I realize with the little bit of objectivity I have left that if Berger hasn't talked to everyone around me, including Lucy and Marino, she will. It is her duty. She would be foolish and negligent if she didn't. "December the sixth," she resumes. "He wrote the letter on December the sixth, nineteen-ninety-six, and instructed Senator Lord to deliver it to you on the December the sixth following Benton's death. Why was that date special to Benton?"
I hesitate.
"Thick skin, Kay," she reminds me. "Thick skin."
"I don't know the significance of December the sixth, exactly_except Benton mentioned in the letter that he knew Christmas is hard for me," I reply. "He wanted me to get the letter close to Christmas."

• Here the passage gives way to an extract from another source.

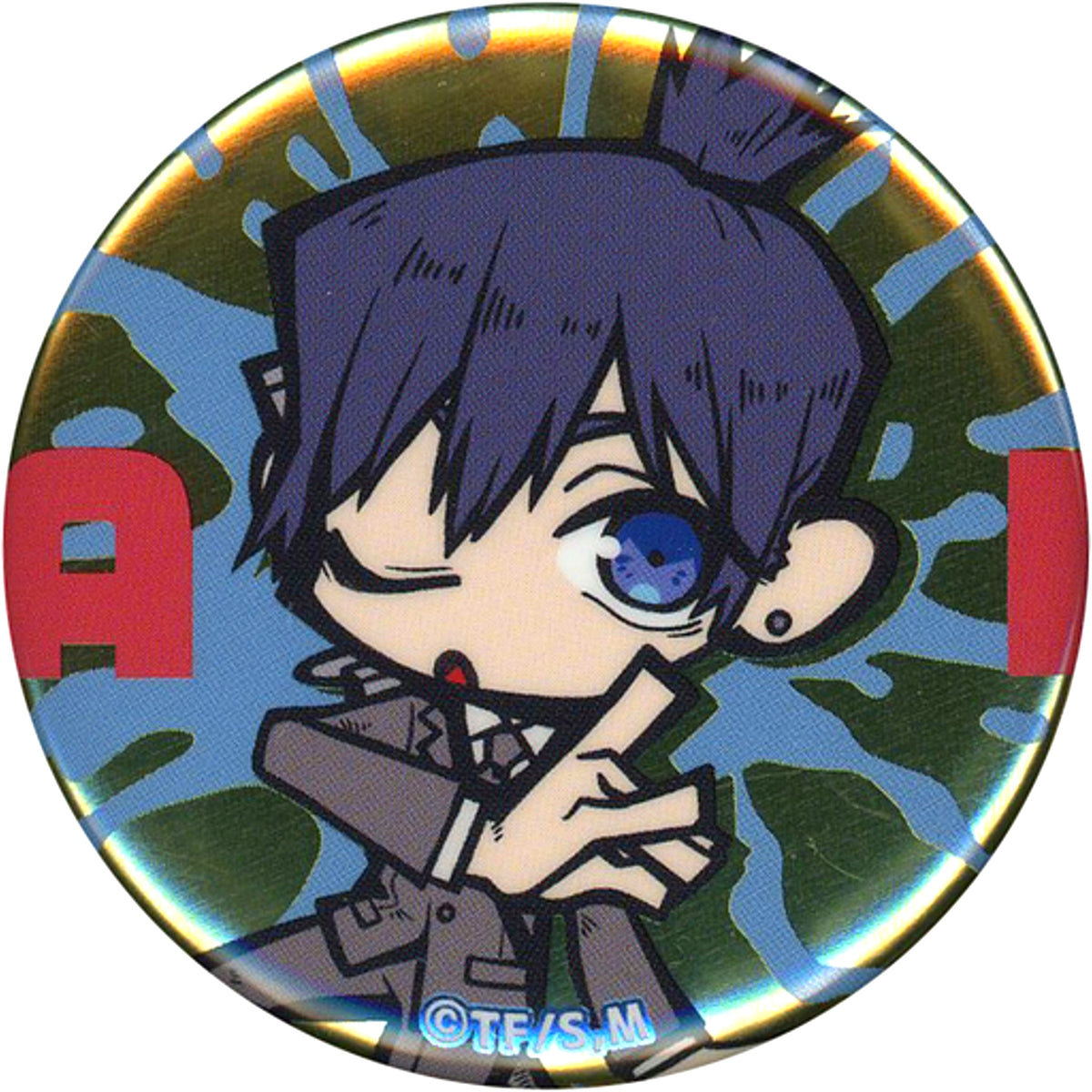 Aki Hayakawa Chainsaw Man E-Toon Metal Button [USED]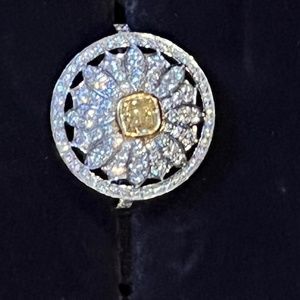 Tiffany Yellow Diamond Daisy Ring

"Christmas is hard for you?"
"Isn't it hard for everybody?"
Berger is silent. Then she asks, "When did your intimate relationship with him begin?"
"In the fall. Years ago."
"Okay. In the fall, years ago. That's when you began your sexual relationship with him." She says this as if I am avoiding reality. "When he was still married. When your affair with him began."
"That's right."
"Okay. This past December the sixth, you get the letter and later that morning responded to the scene at the Richmond port. Then you came back here. Tell me exactly what your routine is when you come straight home from a crime scene."

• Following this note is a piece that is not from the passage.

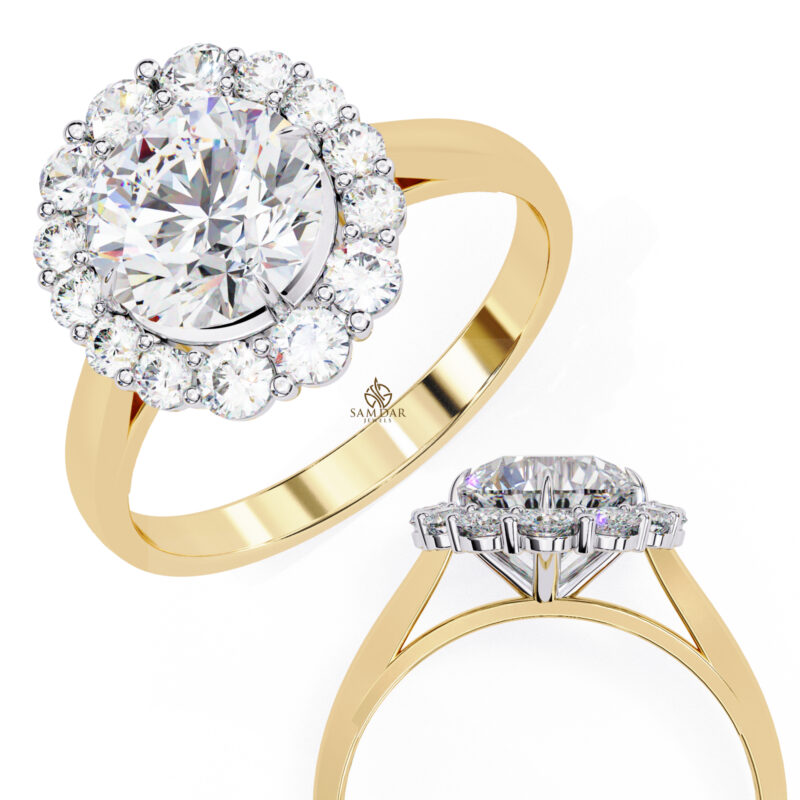 Round Moissanite Engagement Ring For Women - Image 11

"My scene clothes were double-bagged in the trunk of my car," I explain. "A jumpsuit and tennis shoes." I keep staring at the empty space where my car should be. "The jumpsuit went into the washing machine, the shoes into a sink of scalding water with disinfectant." I show her the shoes. They are still parked on the shelf where I left them to dry more than two weeks ago.
"Then?" Berger walks over to the washing machine and dryer.
"Then I stripped," I tell her. "I took off everything and put it in the washing machine, started it up and went inside the house."
"Naked."
"Yes. I went back to my bedroom, to the shower, without stopping. That's how I disinfect if I come straight home from a scene," I conclude.
Berger is fascinated. She has a theory going, and whatever it is, I am feeling increasingly uncomfortable and exposed. "I just wonder," she muses. "Just wonder if he somehow knew."
"Somehow knew? And I really would like to go inside, if it's all right with you," I say. "I'm freezing."
"Somehow knew your routine," she persists. "If he was interested in your garage because of your routine. It was more than setting off the alarm. Maybe he really was trying to get in. The garage is where you take off your death clothes_in this instance, clothes sullied by a death he caused. You were nude and vulnerable, even if ever so briefly." She follows me back kiside and I shut the mud room door behind us. "He might have a real sexual fantasy about that."